**What you are asked to do:**
Return each entry exactly, so that nothing in the data differs from the original.

Extracted records START

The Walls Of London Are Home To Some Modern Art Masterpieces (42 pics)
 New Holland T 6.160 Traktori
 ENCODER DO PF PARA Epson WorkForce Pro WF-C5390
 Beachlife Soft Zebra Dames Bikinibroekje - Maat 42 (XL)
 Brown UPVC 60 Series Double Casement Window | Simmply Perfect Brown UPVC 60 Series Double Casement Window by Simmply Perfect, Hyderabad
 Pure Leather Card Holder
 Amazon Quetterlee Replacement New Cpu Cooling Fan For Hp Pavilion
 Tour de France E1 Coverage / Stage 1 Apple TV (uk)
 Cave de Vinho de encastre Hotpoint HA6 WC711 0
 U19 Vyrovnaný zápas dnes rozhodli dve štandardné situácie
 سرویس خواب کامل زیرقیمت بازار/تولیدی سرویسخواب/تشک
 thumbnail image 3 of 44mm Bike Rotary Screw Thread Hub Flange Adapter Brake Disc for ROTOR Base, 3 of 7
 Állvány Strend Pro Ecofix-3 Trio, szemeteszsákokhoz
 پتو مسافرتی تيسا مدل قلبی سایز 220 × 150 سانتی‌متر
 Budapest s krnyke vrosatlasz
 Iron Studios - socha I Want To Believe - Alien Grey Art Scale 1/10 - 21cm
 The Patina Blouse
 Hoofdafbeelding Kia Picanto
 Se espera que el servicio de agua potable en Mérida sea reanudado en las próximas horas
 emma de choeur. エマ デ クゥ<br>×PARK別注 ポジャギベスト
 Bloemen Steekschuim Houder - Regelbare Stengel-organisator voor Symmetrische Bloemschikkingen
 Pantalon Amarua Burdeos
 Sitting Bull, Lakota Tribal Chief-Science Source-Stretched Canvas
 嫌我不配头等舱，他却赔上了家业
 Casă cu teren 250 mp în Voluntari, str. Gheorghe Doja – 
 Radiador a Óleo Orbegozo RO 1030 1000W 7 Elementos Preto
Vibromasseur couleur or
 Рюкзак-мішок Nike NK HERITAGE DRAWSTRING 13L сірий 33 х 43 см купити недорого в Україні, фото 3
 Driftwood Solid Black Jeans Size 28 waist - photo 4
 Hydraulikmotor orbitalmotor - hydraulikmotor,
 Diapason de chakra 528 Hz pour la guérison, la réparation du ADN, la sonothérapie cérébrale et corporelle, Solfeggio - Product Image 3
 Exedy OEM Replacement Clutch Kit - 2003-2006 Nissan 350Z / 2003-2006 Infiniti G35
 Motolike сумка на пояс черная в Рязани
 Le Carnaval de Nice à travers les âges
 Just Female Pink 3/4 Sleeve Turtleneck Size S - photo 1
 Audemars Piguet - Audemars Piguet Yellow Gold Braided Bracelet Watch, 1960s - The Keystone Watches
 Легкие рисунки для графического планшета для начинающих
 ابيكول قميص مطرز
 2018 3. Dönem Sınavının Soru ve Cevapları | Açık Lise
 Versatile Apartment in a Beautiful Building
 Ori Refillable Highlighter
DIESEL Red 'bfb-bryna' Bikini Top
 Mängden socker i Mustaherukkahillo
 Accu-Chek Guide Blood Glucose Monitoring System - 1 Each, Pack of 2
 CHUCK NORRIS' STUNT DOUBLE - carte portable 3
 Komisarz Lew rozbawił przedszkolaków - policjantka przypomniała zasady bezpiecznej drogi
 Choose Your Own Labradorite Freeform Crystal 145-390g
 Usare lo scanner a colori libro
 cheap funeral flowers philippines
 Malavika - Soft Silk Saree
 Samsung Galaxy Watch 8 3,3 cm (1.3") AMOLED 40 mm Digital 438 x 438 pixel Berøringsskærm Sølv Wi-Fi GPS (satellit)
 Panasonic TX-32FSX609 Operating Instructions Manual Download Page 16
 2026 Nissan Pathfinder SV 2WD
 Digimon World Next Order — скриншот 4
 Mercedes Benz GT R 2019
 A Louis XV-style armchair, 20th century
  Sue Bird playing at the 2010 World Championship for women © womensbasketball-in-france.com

Extracted records END

**Task solution:**
The Walls Of London Are Home To Some Modern Art Masterpieces (42 pics)
 New Holland T 6.160 Traktori
 ENCODER DO PF PARA Epson WorkForce Pro WF-C5390
 Beachlife Soft Zebra Dames Bikinibroekje - Maat 42 (XL)
 Brown UPVC 60 Series Double Casement Window | Simmply Perfect Brown UPVC 60 Series Double Casement Window by Simmply Perfect, Hyderabad
 Pure Leather Card Holder
 Amazon Quetterlee Replacement New Cpu Cooling Fan For Hp Pavilion
 Tour de France E1 Coverage / Stage 1 Apple TV (uk)
 Cave de Vinho de encastre Hotpoint HA6 WC711 0
 U19 Vyrovnaný zápas dnes rozhodli dve štandardné situácie
 سرویس خواب کامل زیرقیمت بازار/تولیدی سرویسخواب/تشک
 thumbnail image 3 of 44mm Bike Rotary Screw Thread Hub Flange Adapter Brake Disc for ROTOR Base, 3 of 7
 Állvány Strend Pro Ecofix-3 Trio, szemeteszsákokhoz
 پتو مسافرتی تيسا مدل قلبی سایز 220 × 150 سانتی‌متر
 Budapest s krnyke vrosatlasz
 Iron Studios - socha I Want To Believe - Alien Grey Art Scale 1/10 - 21cm
 The Patina Blouse
 Hoofdafbeelding Kia Picanto
 Se espera que el servicio de agua potable en Mérida sea reanudado en las próximas horas
 emma de choeur. エマ デ クゥ<br>×PARK別注 ポジャギベスト
 Bloemen Steekschuim Houder - Regelbare Stengel-organisator voor Symmetrische Bloemschikkingen
 Pantalon Amarua Burdeos
 Sitting Bull, Lakota Tribal Chief-Science Source-Stretched Canvas
 嫌我不配头等舱，他却赔上了家业
 Casă cu teren 250 mp în Voluntari, str. Gheorghe Doja – 
 Radiador a Óleo Orbegozo RO 1030 1000W 7 Elementos Preto
Vibromasseur couleur or
 Рюкзак-мішок Nike NK HERITAGE DRAWSTRING 13L сірий 33 х 43 см купити недорого в Україні, фото 3
 Driftwood Solid Black Jeans Size 28 waist - photo 4
 Hydraulikmotor orbitalmotor - hydraulikmotor,
 Diapason de chakra 528 Hz pour la guérison, la réparation du ADN, la sonothérapie cérébrale et corporelle, Solfeggio - Product Image 3
 Exedy OEM Replacement Clutch Kit - 2003-2006 Nissan 350Z / 2003-2006 Infiniti G35
 Motolike сумка на пояс черная в Рязани
 Le Carnaval de Nice à travers les âges
 Just Female Pink 3/4 Sleeve Turtleneck Size S - photo 1
 Audemars Piguet - Audemars Piguet Yellow Gold Braided Bracelet Watch, 1960s - The Keystone Watches
 Легкие рисунки для графического планшета для начинающих
 ابيكول قميص مطرز
 2018 3. Dönem Sınavının Soru ve Cevapları | Açık Lise
 Versatile Apartment in a Beautiful Building
 Ori Refillable Highlighter
DIESEL Red 'bfb-bryna' Bikini Top
 Mängden socker i Mustaherukkahillo
 Accu-Chek Guide Blood Glucose Monitoring System - 1 Each, Pack of 2
 CHUCK NORRIS' STUNT DOUBLE - carte portable 3
 Komisarz Lew rozbawił przedszkolaków - policjantka przypomniała zasady bezpiecznej drogi
 Choose Your Own Labradorite Freeform Crystal 145-390g
 Usare lo scanner a colori libro
 cheap funeral flowers philippines
 Malavika - Soft Silk Saree
 Samsung Galaxy Watch 8 3,3 cm (1.3") AMOLED 40 mm Digital 438 x 438 pixel Berøringsskærm Sølv Wi-Fi GPS (satellit)
 Panasonic TX-32FSX609 Operating Instructions Manual Download Page 16
 2026 Nissan Pathfinder SV 2WD
 Digimon World Next Order — скриншот 4
 Mercedes Benz GT R 2019
 A Louis XV-style armchair, 20th century
  Sue Bird playing at the 2010 World Championship for women © womensbasketball-in-france.com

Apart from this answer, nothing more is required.